Yep ! Dickie makes some mighty fine jigs !

Sent from my SM-G955U using Tapatalk


----------



## Try'n Hard (Oct 23, 2008)

DMC said:


> Try'n your welcome and I know nothing about the Mass. I'm just glad they caught something besides a limb . LOL.


New technique for me this weekend. Single pole jigging. Guy from Mississippi got me started with this. 12’ pole with one of you jigs just dropped in the hangiest place I could find. Straight up, straight down. Feel the thump then snatch them out fast as you can. Lotsa fun.


----------



## Boardfeet (Sep 27, 2007)

Try'n Hard said:


> New technique for me this weekend. Single pole jigging. Guy from Mississippi got me started with this. 12’ pole with one of you jigs just dropped in the hangiest place I could find. Straight up, straight down. Feel the thump then snatch them out fast as you can. Lotsa fun.


Thats how my dad used to fish.
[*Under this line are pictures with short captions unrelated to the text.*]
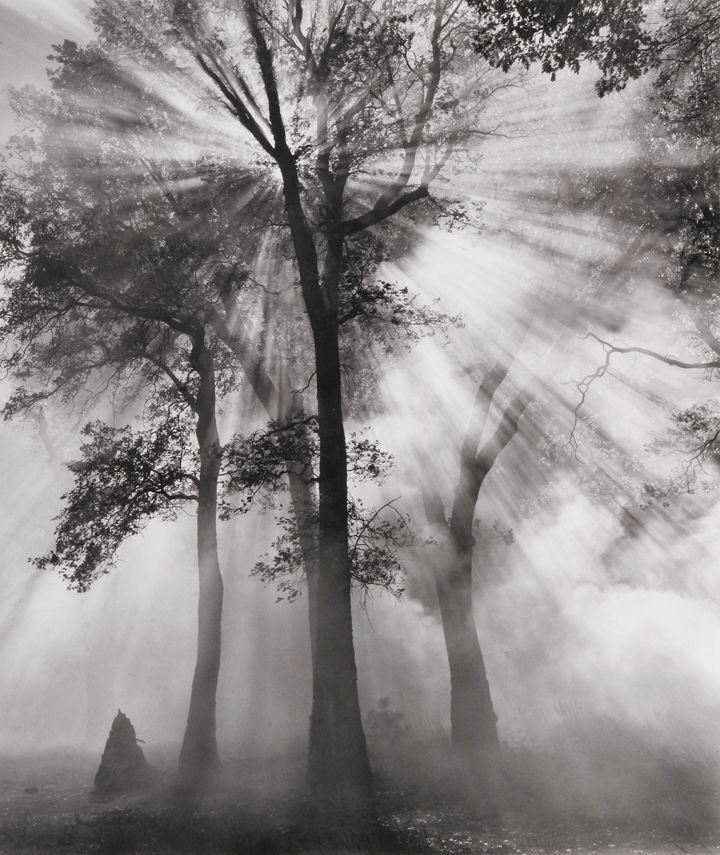 stjohnsphoto on Twitter:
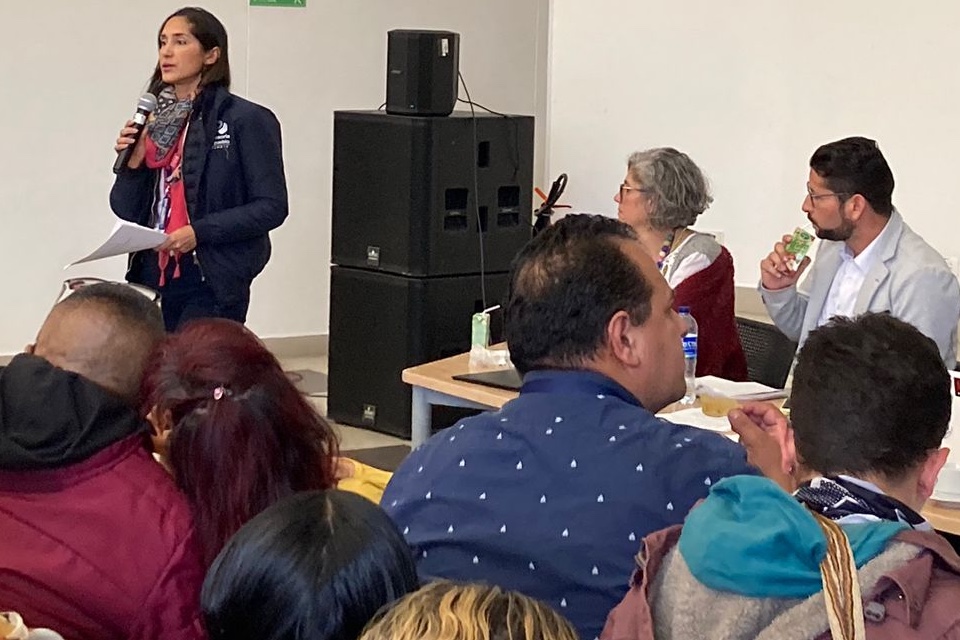 En una Audiencia Pública sobre seguridad y amenazas, la Defensoría del Pueblo escuchó a 25 líderes sociales y comunales quienes denunciaron la grave situación de la que son víctimas por amenazas, asesinatos en esa localidad del sur de Bogotá.&nbsp;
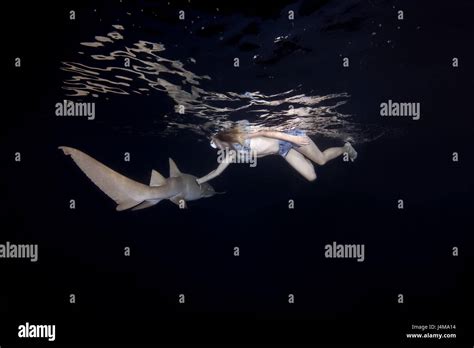Young Beautiful Woman Swims At Night With A Shark Tawny Nurse Sharks
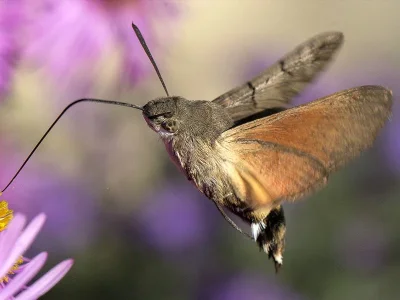 Macroglossum stellatarum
Except he preferred a minnow over a jig. We did get him to use a jig a few times before he passed. He loved Crappie fishin.


----------



## DMC (Nov 28, 2010)

Try'n Hard said:


> New technique for me this weekend. Single pole jigging. Guy from Mississippi got me started with this. 12’ pole with one of you jigs just dropped in the hangiest place I could find. Straight up, straight down. Feel the thump then snatch them out fast as you can. Lotsa fun.


I call that tight lining . I've done a lot of it in deeper water in winter and summer. Also have used a slip cork.


----------



## Bodupp (Oct 3, 2007)

Try'n Hard said:


> New technique for me this weekend. Single pole jigging. Guy from Mississippi got me started with this. 12’ pole with one of you jigs just dropped in the hangiest place I could find. Straight up, straight down. Feel the thump then snatch them out fast as you can. Lotsa fun.


My dad loved fishing that way. He called it "Doodle socking". Princess Cloud O' Dust calls it "Flip and Dip".


----------



## kingfish501 (Oct 7, 2007)

Bodupp said:


> My dad loved fishing that way. He called it "Doodle socking". Princess Cloud O' Dust calls it "Flip and Dip".


My grandpa called it dapping. He used a 10 foot cane pole...that started out 14 feet...cut the top 4 feet off and put 5 feet of line on it. He made these godawful looking lures and pulled some of the biggest bass I've ever seen out of Holmes Creek. Put my rod and reel caught bass to shame.


----------